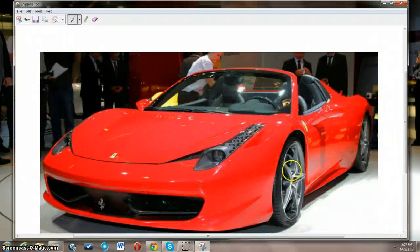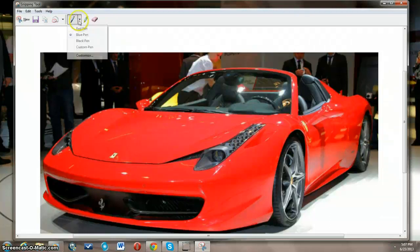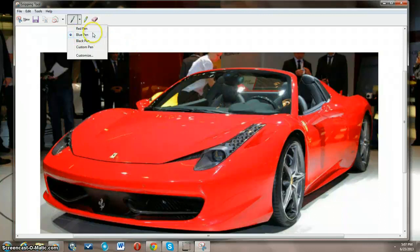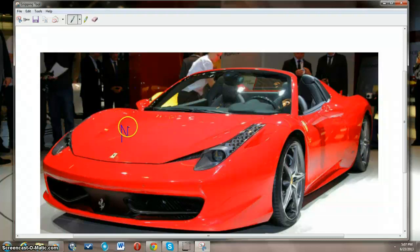Now you have your selection and what's neat is you have the pen tools as well. You have different colors that you can use. You can write on your image — so we'll take the blue one and just write on here.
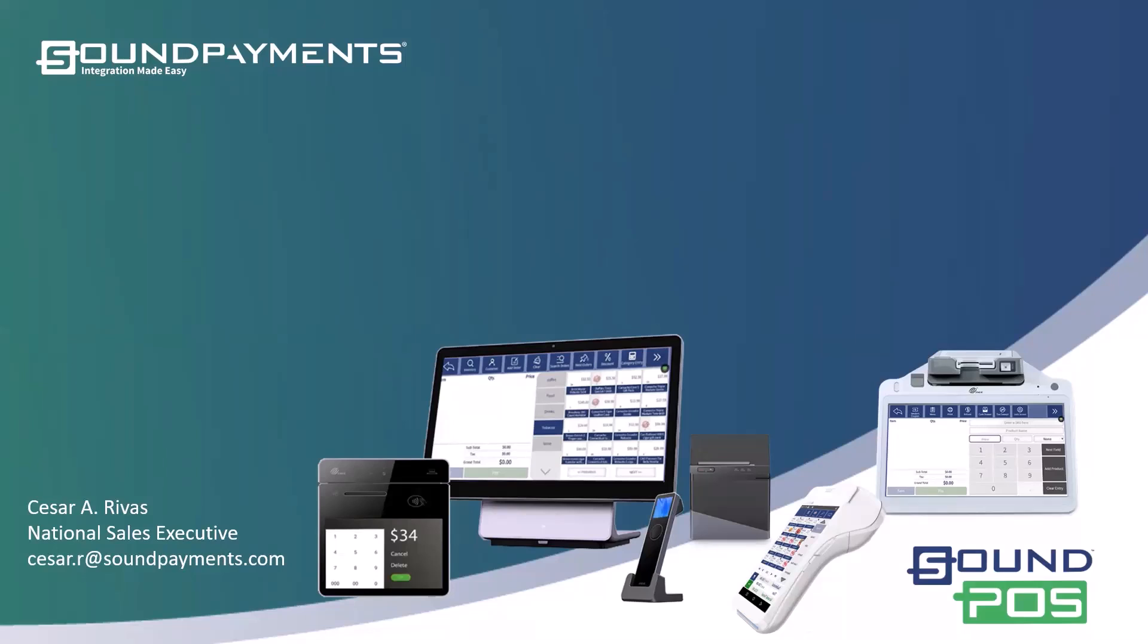Well, good afternoon, everybody. This is Cesar Rivas, the National Sales Executive for Sound POS here with Sound Payments, starting our Session 7 of this year for the workshops, our reseller workshop, which we do every Wednesday, the second to last Wednesday of every month at 1 p.m. Eastern time. Thank you for joining us.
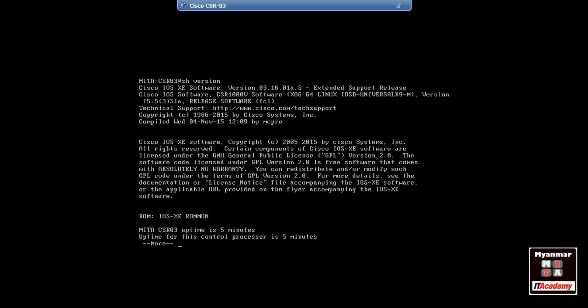Okay, this will be our name. Now I'm going to show you how to do this video.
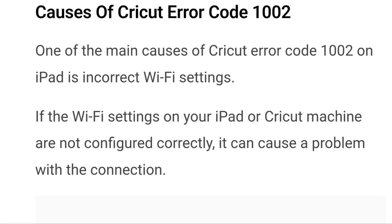Let's now discuss the causes of Cricut error code 1002. One of the main causes on iPad is incorrect Wi-Fi settings. If the Wi-Fi settings on your iPad or Cricut machine are not configured correctly, it can cause a problem with the connection. This can happen if the devices are not connected to the same network or if the network password is incorrect.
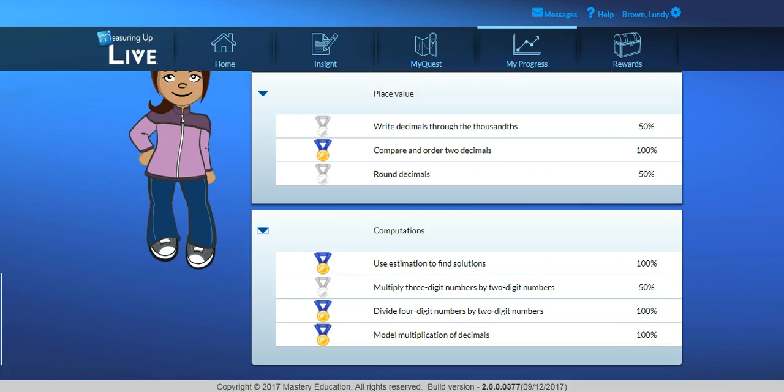They can use MyQuest from home or at school via an internet connection. It's even accessible on mobile devices such as tablets or iPads.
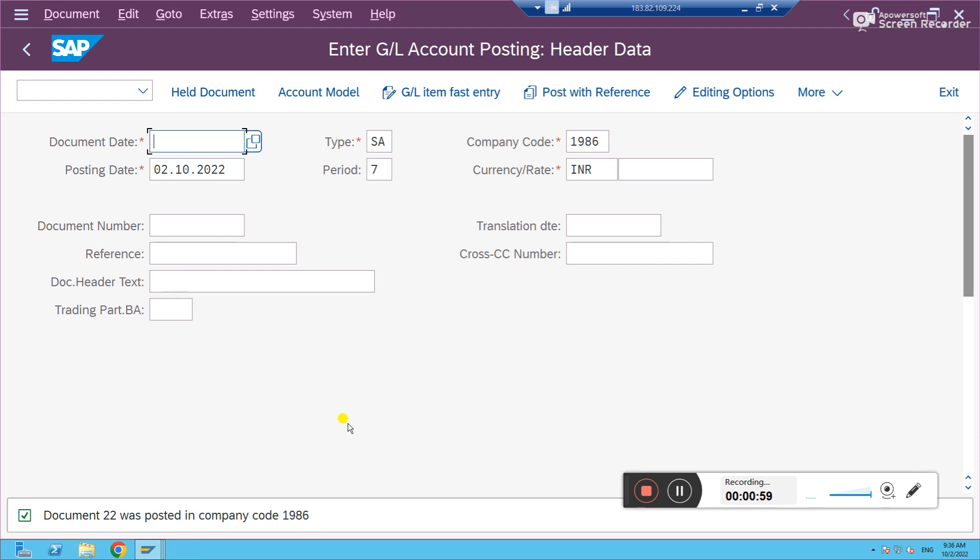Your leading ledger is default and other non-leading ledgers or extension ledgers are configured. It will post accordingly and the document number we can see in table ACDOCA, the universal journal table. But for the same transaction, I want to post in a ledger specific.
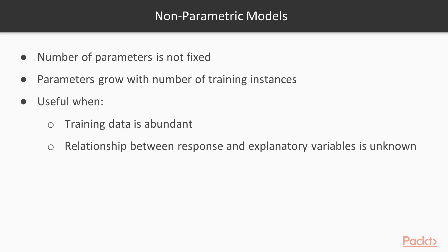Nonparametric may seem to be a misnomer, as it does not mean that the model has no parameters. Rather, nonparametric means that the number of parameters of the model is not fixed, and may grow with the number of training instances.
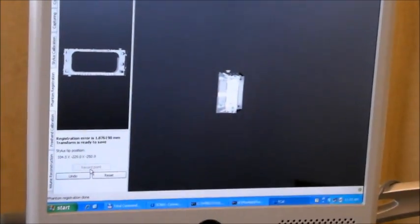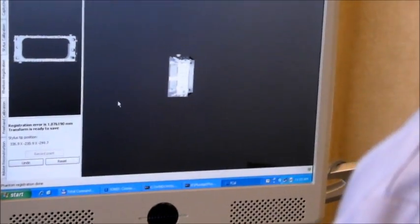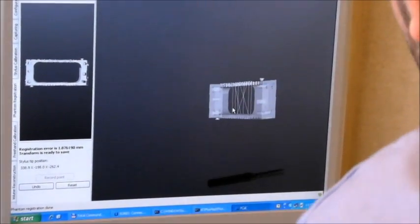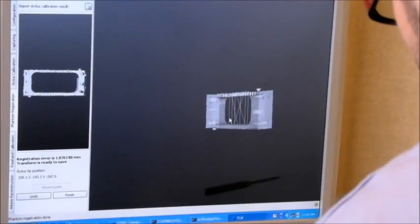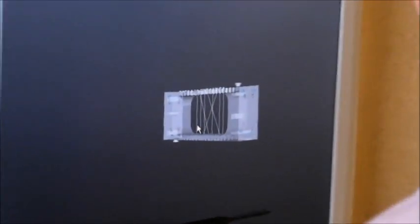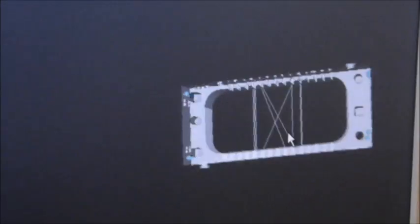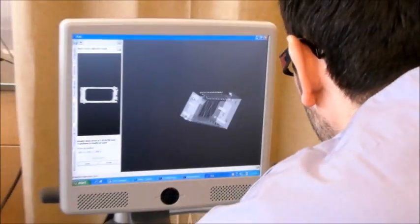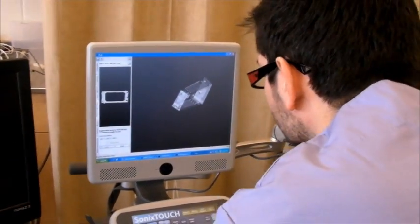You can see on the user interface the Phantom appeared, and you can check if the blue dots correspond to the holes in the Phantom. I think it's quite good.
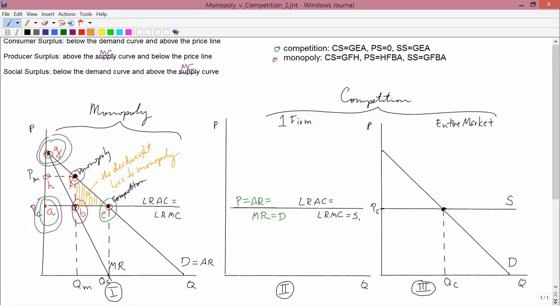Economists don't say monopoly is bad because it generates less consumer surplus — though it does generate a lot less consumer surplus — but that's not the point. The point is to look at social surplus. Social surplus has shrunk, and therefore monopoly is bad.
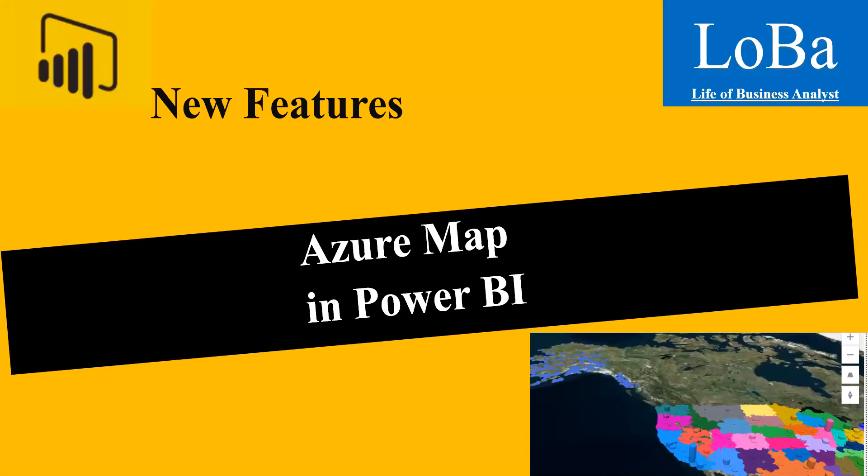Hello. In today's video, we are going to try Azure Map, which is a new feature released by Microsoft recently. If you want to visualize the data by geography or location, this feature is very useful. Let's go to PBI and try this new feature.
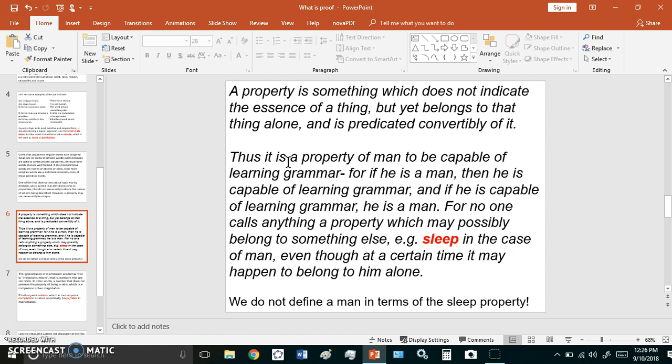Now, the idea here is that if you are going to assign a property to a particular thing, it should be a unique property. Otherwise, it does not necessarily describe that object or thing, okay? Because another object or thing may also possess it. And that is what Aristotle was saying there.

==================================================

* [Exercise requirements]
The answer is the lines above from the one with "Let's now discuss" to the one with "They can use", set down exactly, with no pictures.

* [Task solution]
Let's now discuss the causes of Cricut error code 1002. One of the main causes on iPad is incorrect Wi-Fi settings. If the Wi-Fi settings on your iPad or Cricut machine are not configured correctly, it can cause a problem with the connection. This can happen if the devices are not connected to the same network or if the network password is incorrect.
They can use MyQuest from home or at school via an internet connection. It's even accessible on mobile devices such as tablets or iPads.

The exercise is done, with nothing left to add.